With the ever-present stimulation and fast pace of modern society comes the decline of attention span. If you want to capture the attention of a prospect who doesn’t have the attention span (or ability) to fully understand a formal written proposal with its complex financials and technical appendices, consider adding some visuals to convey value.
I heard a story several years ago that I’d like to share with you about a campaign created by JC Penney to transform the behavior of its tens of thousands of store associates:
JC Penney hypothesized that behavioral modification was a great way to save energy, so they spent $50,000 to hire a professional cartoonist to create a comic book that featured caricatures of the energy manager and all the C-level executives at the company.

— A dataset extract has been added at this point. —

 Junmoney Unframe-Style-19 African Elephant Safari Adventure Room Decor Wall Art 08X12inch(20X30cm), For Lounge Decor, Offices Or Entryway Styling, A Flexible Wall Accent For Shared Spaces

They even created fictional characters like “Energy Man” to guide readers through the story of how their associates could actually have a meaningful impact on the energy management of a typical store with zero capital impact. Prizes were given to the stores that saved the most energy – simple stuff, like pizza parties, “Extreme Energy Make-overs” of staff break rooms with ENERGY STAR® appliances, and tiny cash bonuses for the managers of high-scoring stores. They called the campaign “March Utility Madness” to coincide with basketball season.
The first time they circulated the comic book, they saved $500,000 in corporate energy in one month. That was a ten-to-one return. Wondering whether it was a fluke, they did a similar campaign the next year and saved another half a million dollars. These savings were the result of people proactively applying common sense to energy-related aspects of their stores’ operation. Turning the escalators off as soon as the store closes. Switching the jewelry case lighting off at the end of the day because no one is going to be selecting jewelry to purchase when the store is closed. Turning parking lot lighting off during daytime hours. With simple steps like these and a friendly sense of comedic competition, JC Penney could save a tremendous amount of energy and money. The last I heard, the chain had saved millions of dollars in energy repeating this simple campaign year after year.
So what’s the moral of the story? Words are not always the most effective vehicle for creating a compelling need for change. Sometimes it pays to get visual.